View Full Version : Greenpeace activists block shipment of Icelandic whale meat

Davie Tait
6th April 2010, 19:18

Tuesday, 06 April 2010 10:28

LAST week, Greenpeace activists took action against commercial whaling and the trade in whale meat by blocking a container ship with fin whale meat onboard bound for Japan from Iceland.

The activists chained themselves to the mooring ropes of the container ship NYK ORION docked in Rotterdam, which has meat from 13 endangered fin whales onboard in seven containers. Greenpeace is calling on the authorities to seize the containers and urging the protection of whales at the upcoming meeting of the International Whaling Commission.

Following the protest, Greenpeace claimed that Rottderdamport police have promised that the whale meat shipment en route to Japan from Iceland will remain at the port. The ship's owner has decided to off-load the Fin whale meat rather than become complicit in the trade in an endangered species, the campaigning organisation explained.

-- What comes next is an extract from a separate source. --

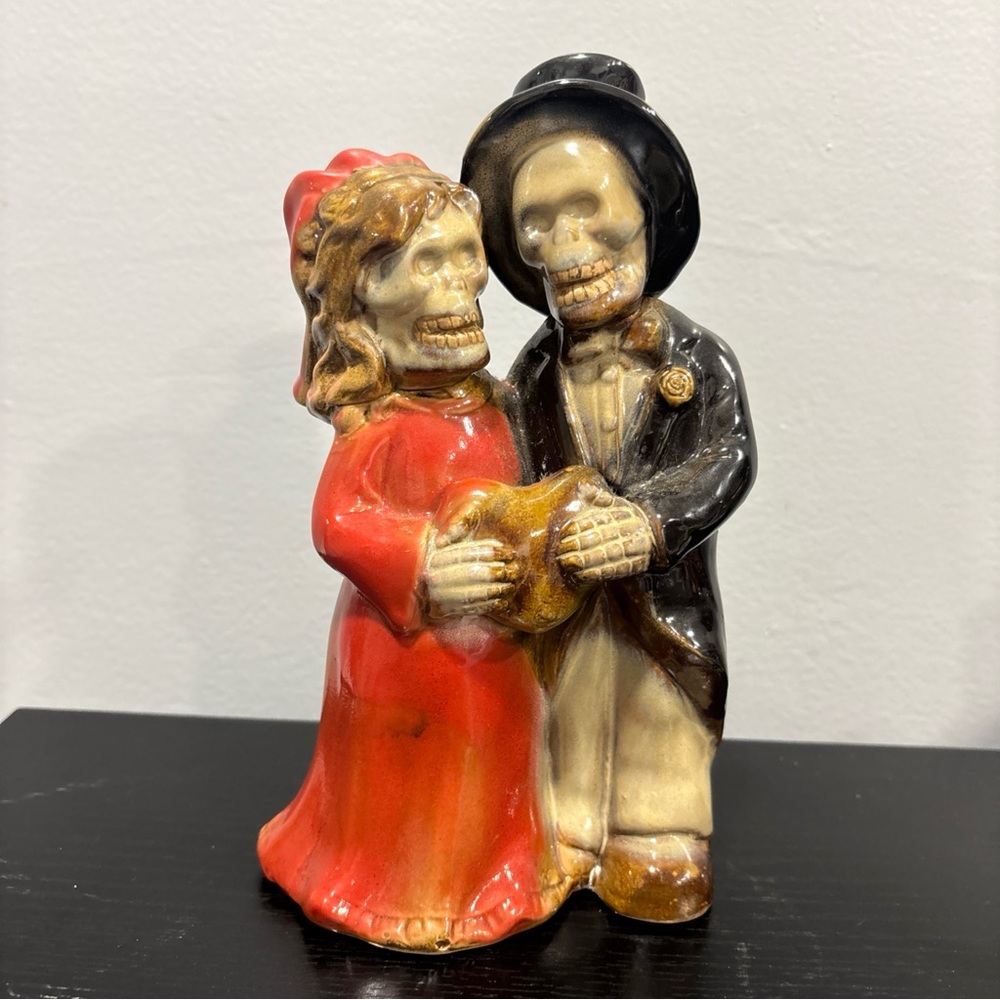Love Never Dies Skeleton Bride & Groom Figurine gothic decor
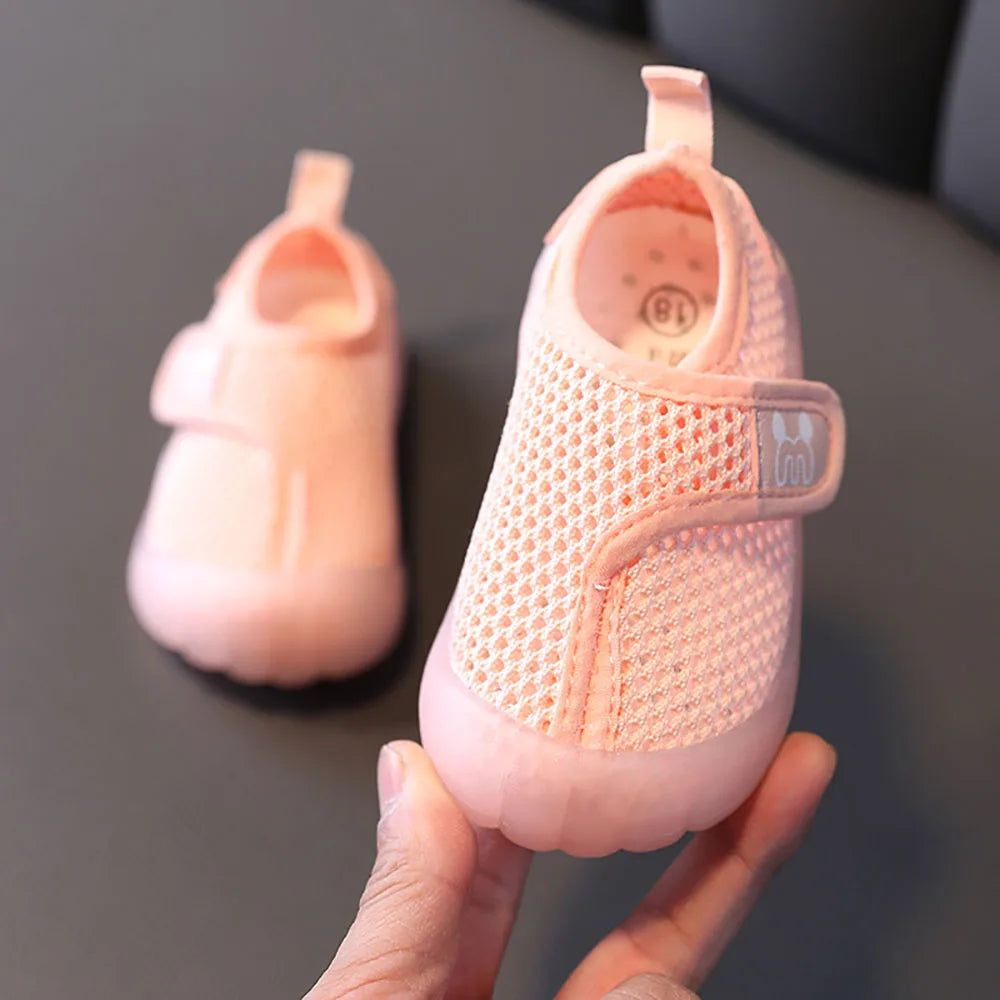 KinderKicks - Ademende Netstof Kinder Schoentjes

The fin whale can grow to 27 meters in length and is the second largest whale, less than 50.000 are estimated to remain in the North Atlantic. The international trade in fin whales and other whales is banned under CITES - the Convention on International Trade in Endangered Species of Wild Flora and Fauna and the Netherlands is one of the 175 signatories to this treaty.

In June, governments will gather at the International Whaling Commission (IWC) meeting in Agadir, Morocco to decide whether Japan’s commercial whaling will continue.

Greenpeace continue: “Iceland’s whale hunt will likely continue beyond this year. The Icelandic government has recently released the findings of a study into whaling’s economic impacts there. Iceland has concluded that there is an economic case for ongoing whaling and that less whales will mean more fish for its commercial fisheries.

“In doing so, the Icelandic government is undermining its credibility as a nation with relatively responsible fisheries management and ignoring the reality that the world has moved beyond whaling. However, the report does recommend reassessing the decision to continue whaling should it have negative impacts on the nation's image. By exposing Iceland’s whale meat trade today in Rotterdam, we hope to change Iceland’s position and end its unnecessary whale hunt.”